The problem comes down to data – accuracy, timeliness, granularity throughout an organisation from the back office through to the front (and externally to third-party property/asset managers), often with hold-ups and potential errors at each stage. The process needs to become much faster, moving towards real-time, and become far more agile.

Data management, once overlooked, is now a top priority. And the first change must be to stop relying on spreadsheets. They are great tools, but other than basic password restrictions, they enable little control over who opens them and what changes they make, which leads to inaccuracies, duplicated entries and confusion.

Data sources will constantly be in flux and change, so the workflow that governs use of them and the business tools to integrate the data sources needs to migrate from Excel to a corporately-supported front office platform.  The goal here is to have consistency policies for data governance and data management/handling as the constant in a world where data itself is constantly shifting and evolving.

Most organisations have their ‘accounting’ environment (be it Excel or a corporately supported platform) as the centre of the universe and usually on an asset class by asset class basis.  Some have integrated their accounting books of record for multiple asset classes into a data warehouse.

Few firms have tackled the fragmentation that exists in the front office that lays after the accounting data sources and delves into the other data necessary to run the business, such as external property/asset managers and the business/static data that rarely have corporately supported environments.  Asset-agnostic front office platforms that migrate away from Excel fragmentation for front office needs pose a long-overdue solution to reduce operational, investment and decision turnaround time risk.

Excel is not without its merits, but the fragmentation it permits for workflow, data capture and functionality execution create too many challenges in the current market for alternative assets. Changes are dynamic, so when one person makes an alternation, everyone can see what they have done and the impact of their changes and it must carry an audit trail with data and time stamp, which is not within the bandwidth of what Excel does. A corporately supported platform for this, with an amalgamation of all the data and asset classes from the multitude of spreadsheets makes it easier, for example, to try multiple iterations of different scenarios to test the strength of any decision. It also gives total transparency to make auditing and compliance far more straightforward.

Once this is put in place, reporting and analytics capability flow on a timelier basis with more comfort level in the numbers being produced. Fund and portfolio managers can start to be more proactive, taking advantage of analysis and ‘what if’ testing to enable forecasting and future planning, in a way that can be demonstrated and easily communicated to investors and senior management.

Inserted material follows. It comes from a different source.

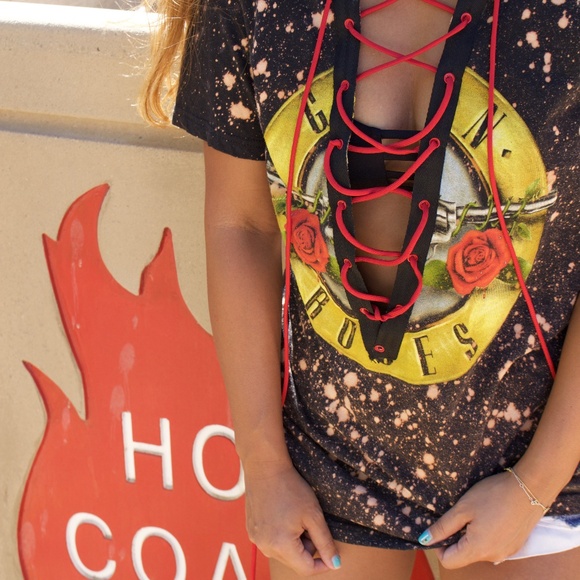Guns and Roses lace up top - Picture 1 of 4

Firms with expanding portfolios of alternative investments can’t afford to not invest in technology and data management in order to remain competitive. It will mean investment and change in workflows and corporate culture.  Migrating people off Excel to a corporately supported environment is not an easy addiction to forego so almost certainly some disruption too to the business culture is necessary to reach the next plateau. However, it might be the push needed to transform the business into a modern, highly agile organisation. And one with the flexibility to cope with the increasingly competitive market for suitable investment vehicles (and types of investments) that is rapidly emerging.